| Stored data |
'''

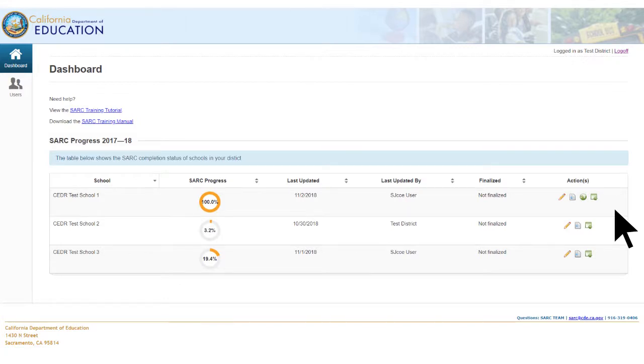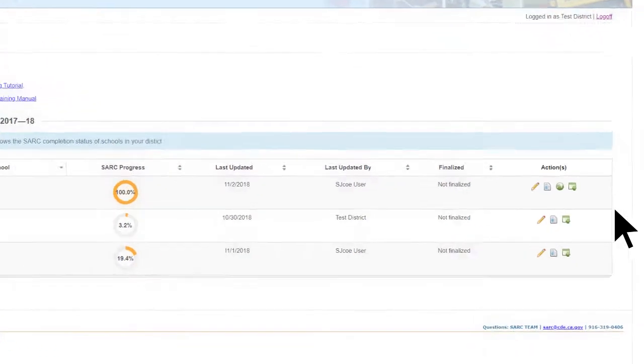Editing the Online Electronic SARC Template. To access the Online Electronic SARC Template, while on the Dashboard main webpage, select the Edit button located in the Actions column.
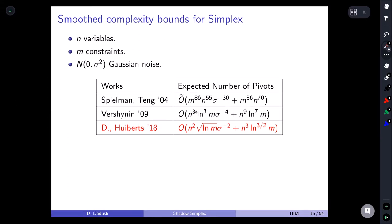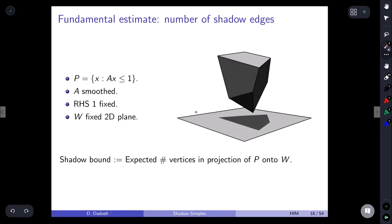This smooth analysis was started by Spielman and Teng, who in a very complicated and long paper obtained some polynomial smooth dependence. Vershynin found a way to make the complexities much more reasonable and was first to get polylogarithmic dependence on the number of constraints. Sophie Huiberts and I then simplified and improved all the arguments.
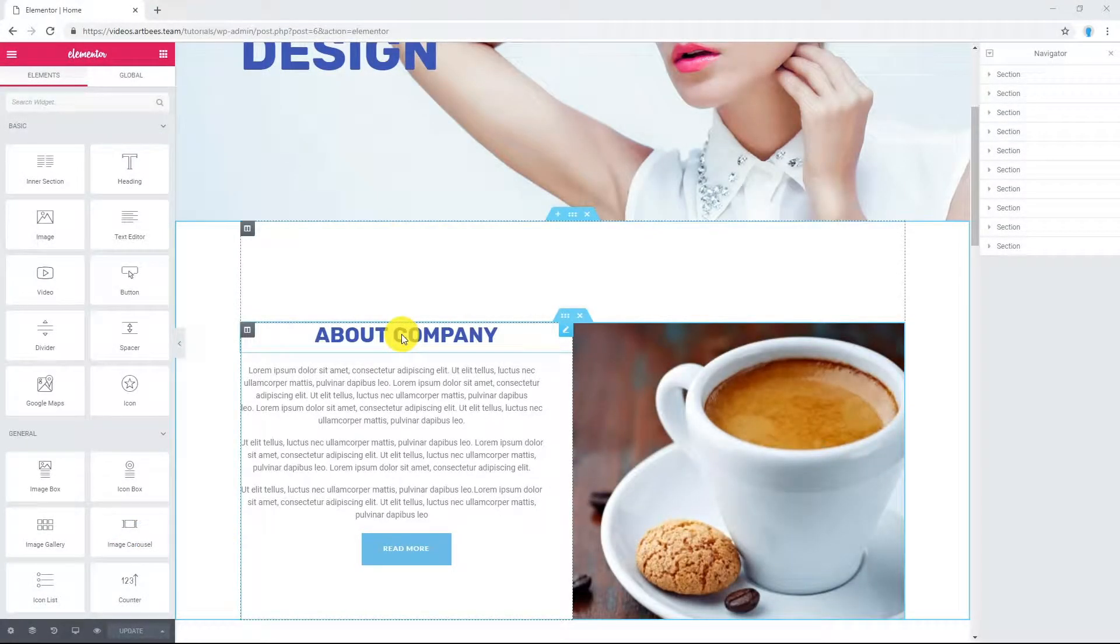In this video, I'm going to show you how to copy styles from one element to another in Elementor.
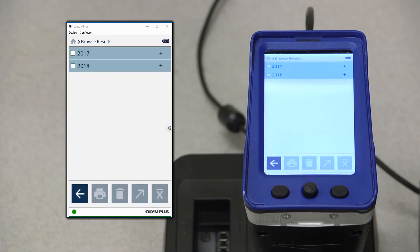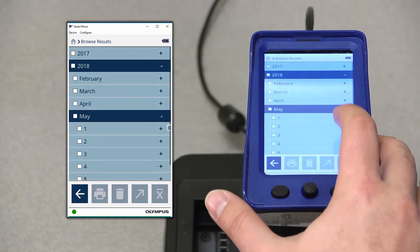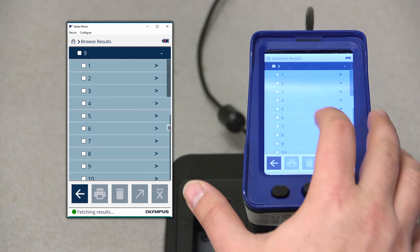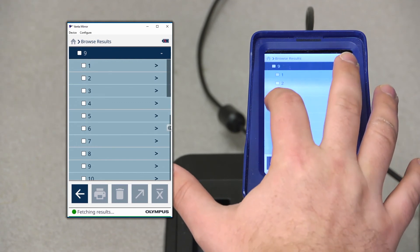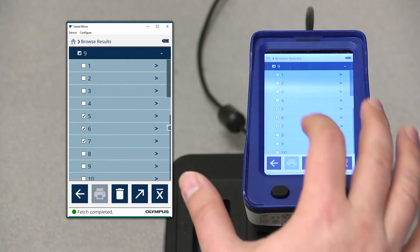In here, the results are organized via date and test result number. Simply use the drop downs to select the date and results that you wish to average. Select them with the checkboxes to the left-hand side.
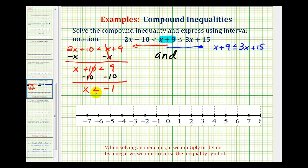Now we'll graph x is less than negative one on the number line. Notice negative one does not satisfy this inequality, so we make an open point on negative one. The numbers less than negative one are to the left.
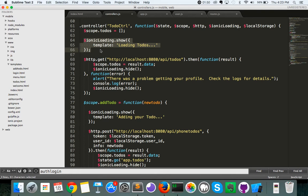Now, one other thing to note is the Ionic loading screen will stay up until you tell it to go down. So if you don't hide the Ionic loading screen, it's going to stay up until they close their app. So let's see how I use this.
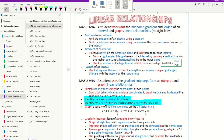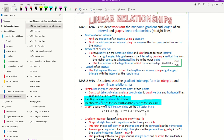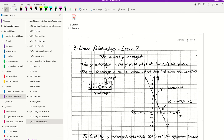Good morning, Year 9. Today we're continuing on with our linear relationships topic. What we're going to do today, looking at our poster of what we need to get from this topic, is going to be to identify the x and y intercepts of a line, and we'll also identify the x-axis as the line y equals 0 and the y-axis as the line x equals 0. So let's have a look at our x and y intercept and the theory I've got here for this.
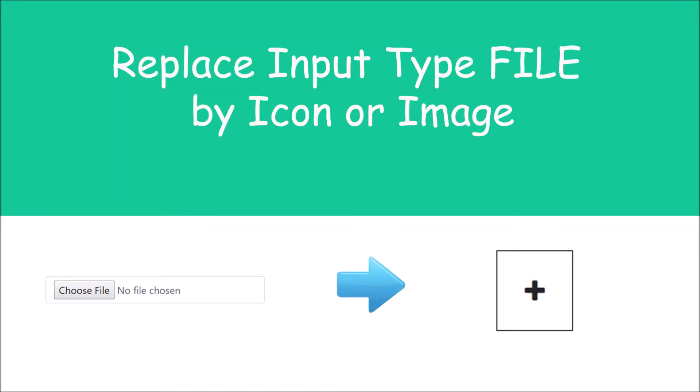Hello everyone and welcome back to my channel. So today's topic is how you can replace input type file by icon or image.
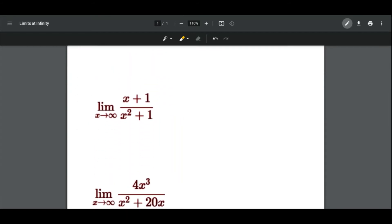In our second case, if the degree of the numerator is less than the degree of the denominator, then the limit is equal to 0. For example, the limit as x approaches infinity of (x + 1) over (x² + 1). The highest degree of the numerator is 1 and the highest degree of the denominator is 2, so the limit equals 0.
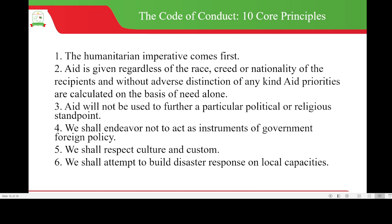The code of conduct has ten core principles on how humanitarian actors are supposed to behave in providing relief and emergency response. One, the humanitarian imperative comes first. Two, aid is given regardless of the race, creed or nationality of recipients — without adverse distinction of any kind, priorities are calculated on the basis of need alone. Three, aid will not be used to further a particular political or religious standpoint. Neutrality is key — you are not supposed to take sides when carrying out emergency responses.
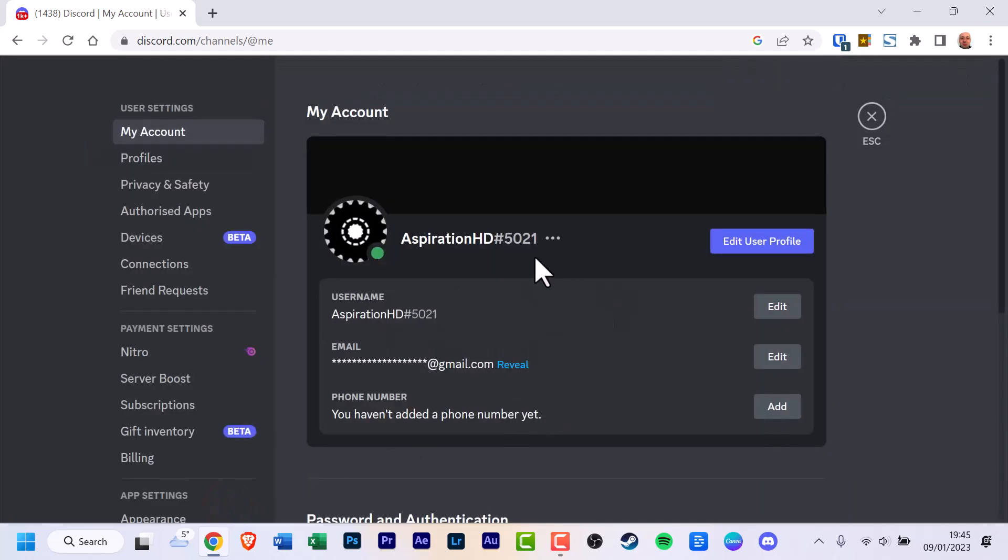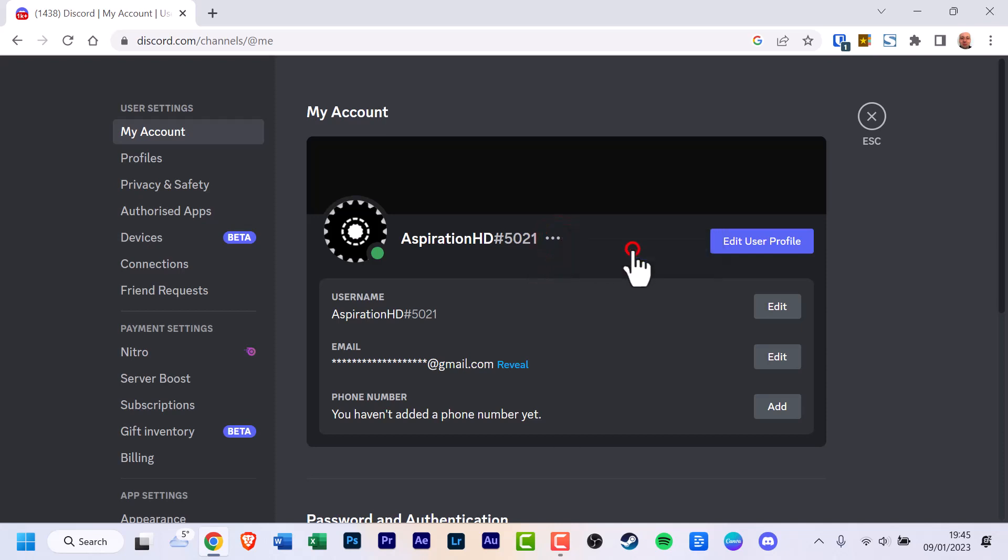Click the three horizontal dots next to your Discord tag and then click copy ID.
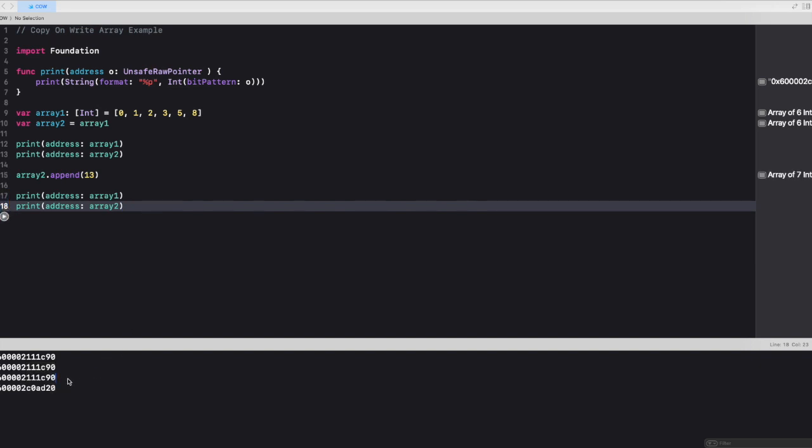You would notice the memory address for array 1 is exactly the same before array 2 was mutated, and it still remains the same. But once array 2 is modified, mutated, the memory address for array 2 has changed. So this shows that initially it was referenced when the mutation did not happen. But once the mutation started to happen, it procured a new memory instance.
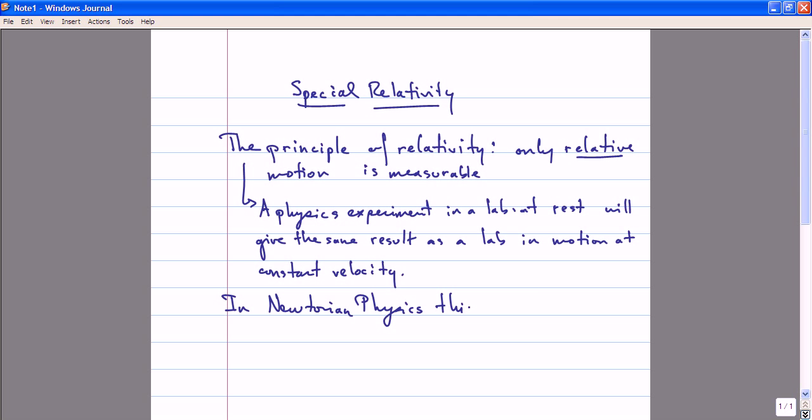In Newtonian physics, this is a true statement, and it is known as Galilean relativity.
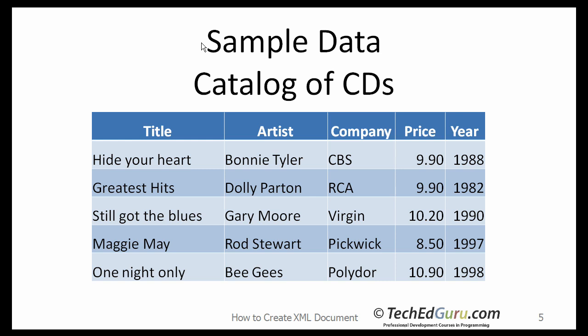Let me show you how to create an XML document from these data. Let's try to understand the data. This is obviously a catalog of CDs. One catalog contains multiple CDs. The CDs are called the child elements of the catalog element. Catalog is the top level element or the root element.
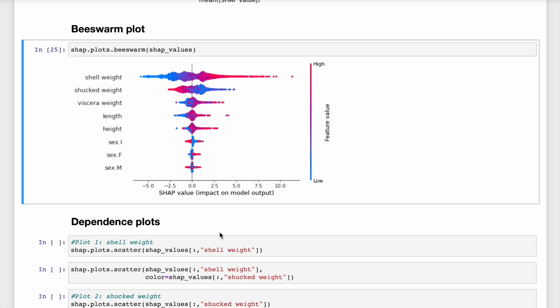So like with mean SHAP, the beeswarm can be used to highlight important relationships. We can see which features have large positive or large negative SHAP values. In fact, these features have been ordered in the same order as the mean SHAP plot. We can also use this plot to start to understand the nature of these relationships.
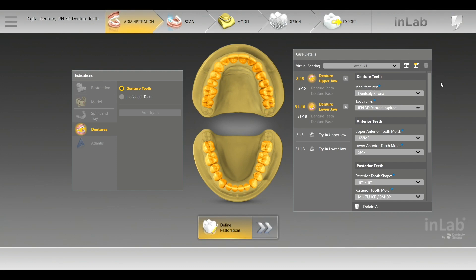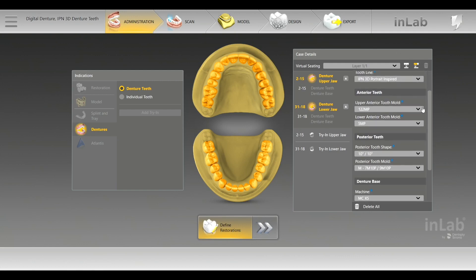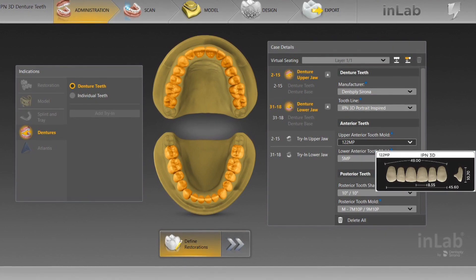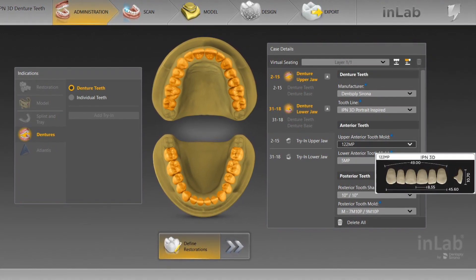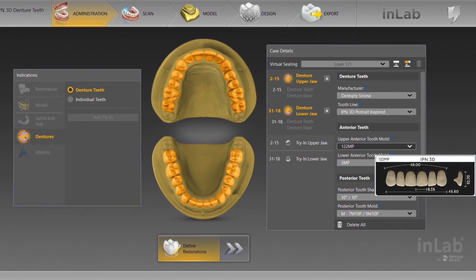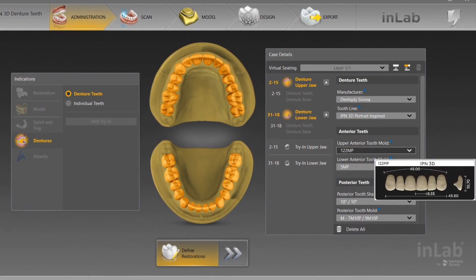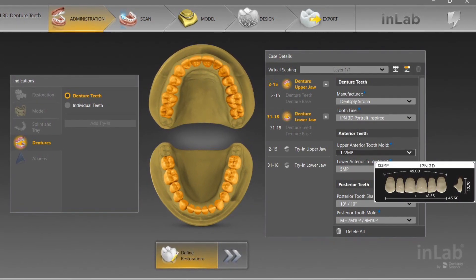Here it looks just like normal administration if you're used to the in-lab software. We're going to be doing denture teeth. In this selection, you're able to choose your tooth mold — it's pretty amazing. You're able to actually choose the tooth mold in administration and it'll show you the length, incisal edge — basically a living tooth mold guide in administration. So that saves you the time of having to pull out your paper tooth mold guide to guesstimate.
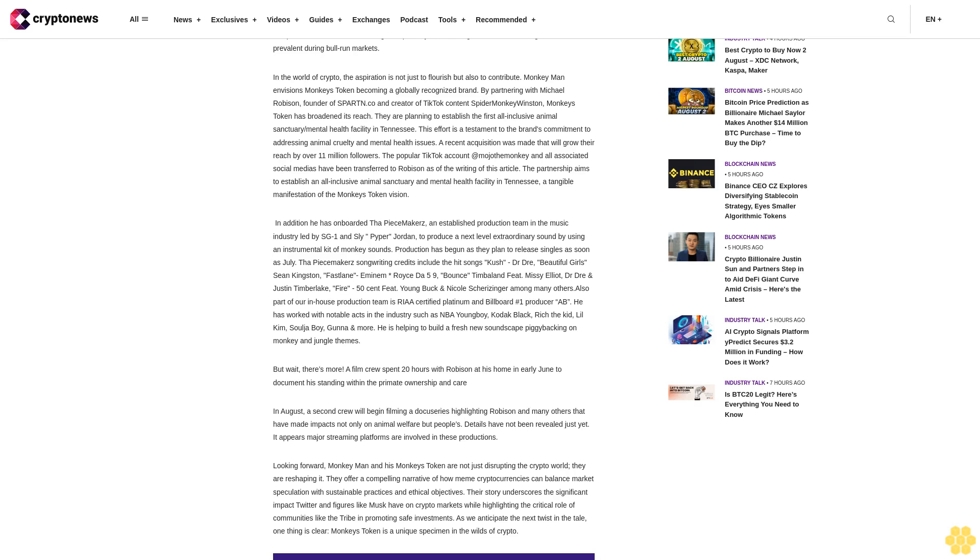The Peacemakers, an established production team in the music industry led by SG1 and Sly Piper Jordan, to produce a next-level extraordinary sound by using an instrumental kit of monkey sounds. Production has begun as they plan to release singles as soon as July. The Peacemakers' songwriting credits include the hit songs Kush by Dr. Dre, Beautiful Girls by Sean Kingston.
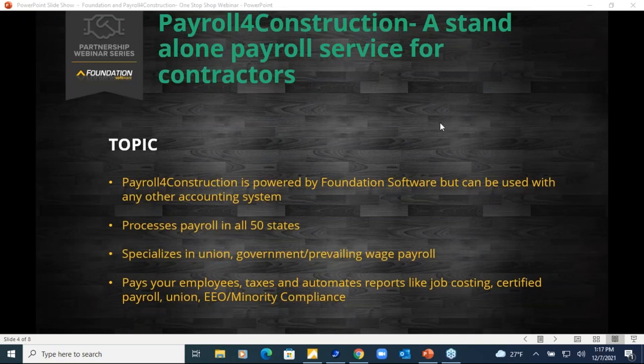Thanks Pat. As Pat mentioned, he covered Foundation Software and its features. I focus on Payroll for Construction. There's a little crossover here. We have a wide array of people on these webinars — some are current Foundation clients, some are current payroll clients, some are neither — so I'll cast a broad net. Payroll for Construction is a payroll service provider — like ADP or Paychex — paying employees by check or direct deposit, city, state, and federal taxes, quarterlies, wage garnishments, W-2s, and so on.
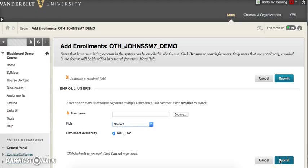This is the end of our video guide from Blackboard Support at the CFT. If you have any questions, please feel free to contact us through email at blackboard@vanderbilt.edu. Thank you.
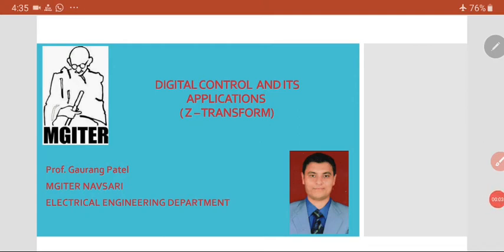Hi students, this is Professor Gaurang Patel from Mahatma Gandhi Institute of Technical Education and Research Center, Navsari. Welcome back to my lecture on digital control and its applications. In the last two lectures we learned about how to convert an analog signal into a digital signal and how to feed that data into a computer system. In this lecture we will discuss the Z transform, which plays a very important role in digital control and its applications. We will see step by step how the Z transform works, some of the basics, and how it is applicable to digital control systems.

'''

| Task to complete |
Every line from the one containing "This is the" through the end of the records is to be returned exactly, and those lines alone; pictures are dropped.

| Answer box |
This is the end of our video guide from Blackboard Support at the CFT. If you have any questions, please feel free to contact us through email at blackboard@vanderbilt.edu. Thank you.
Hi students, this is Professor Gaurang Patel from Mahatma Gandhi Institute of Technical Education and Research Center, Navsari. Welcome back to my lecture on digital control and its applications. In the last two lectures we learned about how to convert an analog signal into a digital signal and how to feed that data into a computer system. In this lecture we will discuss the Z transform, which plays a very important role in digital control and its applications. We will see step by step how the Z transform works, some of the basics, and how it is applicable to digital control systems.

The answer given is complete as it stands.